§ WORK INSTRUCTIONS: Using the listing below, please print exactly the lines from the one with "New 2026 Hyundai" through the one with "Cozy With Balcony". Leave out every picture.

§ THE INPUT:
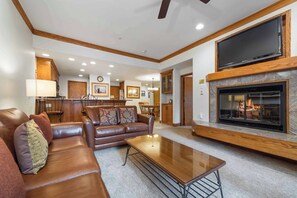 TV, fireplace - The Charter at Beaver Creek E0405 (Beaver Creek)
...
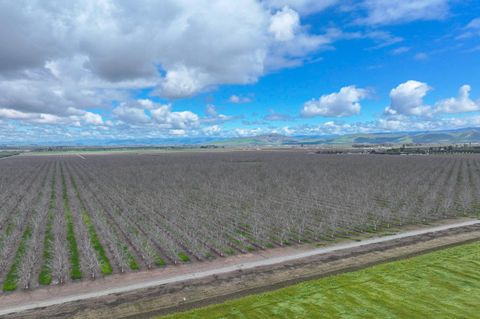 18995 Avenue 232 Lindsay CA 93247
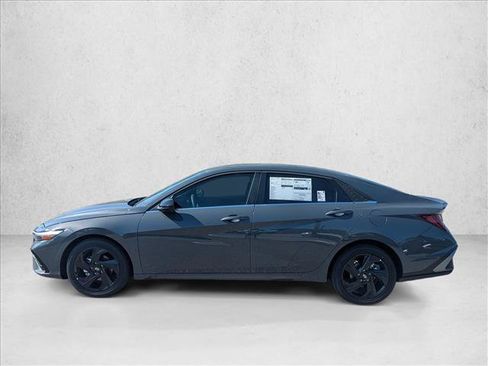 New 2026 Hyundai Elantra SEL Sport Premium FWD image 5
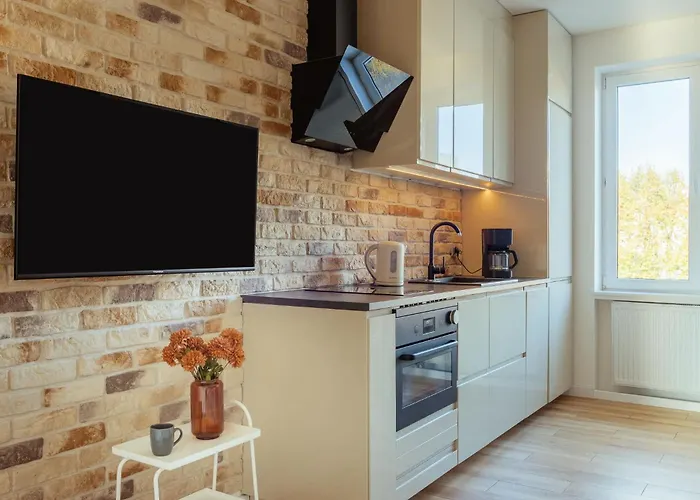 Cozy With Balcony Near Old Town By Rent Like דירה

§ RESULT:
 New 2026 Hyundai Elantra SEL Sport Premium FWD image 5
 Cozy With Balcony Near Old Town By Rent Like דירה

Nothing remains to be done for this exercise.